Crime authors spill their guts about writing...
This week: Catherine Cooper
Tell us about yourself...
I am a freelance travel journalist writing for the UK press and specialising in luxury hotels, family travel and skiing. I live in the South of France close to the Pyrenees with my husband and two teenaged children.
How do you pick character names? Do any have special meaning to you?
I am terrible at picking character names. At least in the first draft many of the characters are named after the last person who emailed me or whatever happens to pop into my head that minute – their surname might be Summer if it’s a sunny day or their name might be cribbed from the spine of the nearest book to me. That said though, some of the names change often in the various drafts – sometimes for plot reasons, sometimes because the name simply no longer suits them as the character develops, and sometimes because I realise I know someone with a similar name and worry they might think the character is based on them.
What’s your favourite part of the writing process and why?

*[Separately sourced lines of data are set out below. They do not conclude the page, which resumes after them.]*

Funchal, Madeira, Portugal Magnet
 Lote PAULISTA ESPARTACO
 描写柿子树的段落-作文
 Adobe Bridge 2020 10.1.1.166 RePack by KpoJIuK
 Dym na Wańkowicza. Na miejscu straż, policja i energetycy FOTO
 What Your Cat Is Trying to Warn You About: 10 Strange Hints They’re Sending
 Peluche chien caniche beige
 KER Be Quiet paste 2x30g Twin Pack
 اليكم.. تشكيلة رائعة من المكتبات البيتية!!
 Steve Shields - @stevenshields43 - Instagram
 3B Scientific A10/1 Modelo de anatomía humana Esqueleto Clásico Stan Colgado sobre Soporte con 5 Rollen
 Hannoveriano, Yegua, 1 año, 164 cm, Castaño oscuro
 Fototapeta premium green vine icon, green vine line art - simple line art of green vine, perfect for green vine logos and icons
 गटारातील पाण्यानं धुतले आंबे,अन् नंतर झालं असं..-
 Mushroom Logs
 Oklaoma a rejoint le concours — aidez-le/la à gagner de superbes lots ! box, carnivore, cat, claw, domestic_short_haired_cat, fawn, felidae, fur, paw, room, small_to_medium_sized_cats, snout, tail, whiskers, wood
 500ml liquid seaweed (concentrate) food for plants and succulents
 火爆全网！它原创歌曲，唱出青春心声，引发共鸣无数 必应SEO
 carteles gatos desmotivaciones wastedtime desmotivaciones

Definitely the first draft as the story can go anywhere! I find it so exciting not knowing. I’m not a planner at all. With The Chalet I tried to plan at one point with a white board and coloured post its representing the various different threads, and while this did help me think about things, the story still ended up as something totally different.
Where do you most like to do your writing?
In winter on the sofa by the fire, in summer, on the terrace outside overlooking the mountains. I try to do a lot of it on my laptop away from my study and my ‘main’ computer to make it feel different to my journalism work, general admin and the like.
How easy/hard was it to get your first break?
I wrote my first full-length novel in 2002 and found an agent who loved it but sadly not a publisher! Then I had children, didn’t write for a few years and by the time I got back to it my agent had retired. I found a new one on the strength of a YA book, but again this didn’t find a publisher, and neither did the next two or three (I forget exactly how many!) And then I wrote The Chalet, my first thriller, and it was pre-empted by Harper Collins four days later. So I guess it took some persistence.
What is the best writing tip you have ever been given? How has it influenced you?
Write every day. I met a very motivated writer on a press trip who also had a full-time job and she got up every day at 5am to work on her book before she went to work. I have to admit, I don’t do that, but while I am writing a first draft, I find it so much easier to keep up momentum and enthusiasm if I do at least a little every day. I wrote most of book 2 during lockdown when a lot of daily distractions such as driving the kids around simply weren’t happening so it was simple to write at least 1,000 words a day. It doesn’t matter if some of them aren’t the best – if it’s not on the page, there’s nothing to edit!
Who are your writing influences?
I devoured Agatha Christie books as a child and I think The Chalet owes a lot to her (although there is no Marple or Poirot figure). More recently I really enjoy books by Erin Kelly, Alex Marwood and Louise Candlish.
How much do your life experiences appear in your writing?
A lot. I’m a very keen skier and The Chalet is largely based in a ski resort. I’ve been lucky enough to review many luxury hotels over the years and elements of the high-end (although entirely fictional) chalet are inspired by some of these. The second book is about a family moving out from London to rural France, just like I did. But really it’s just the settings that inspired by experience, what actually happens is not (thankfully!)
Do you ever surprise yourself with what you’ve written?
My characters certainly surprise me! There is a pivotal moment in The Chalet on which much of the book hangs which I totally hadn’t planned at all – the characters just took me there. I realise that sounds like nonsense…
What’s the best and worst thing about being an author?
I am still amazed that I am being paid for doing something that I love so much. It’s a cliché but writing fiction is a dream come true for me. I love everything about it. So far I haven’t found a worst thing.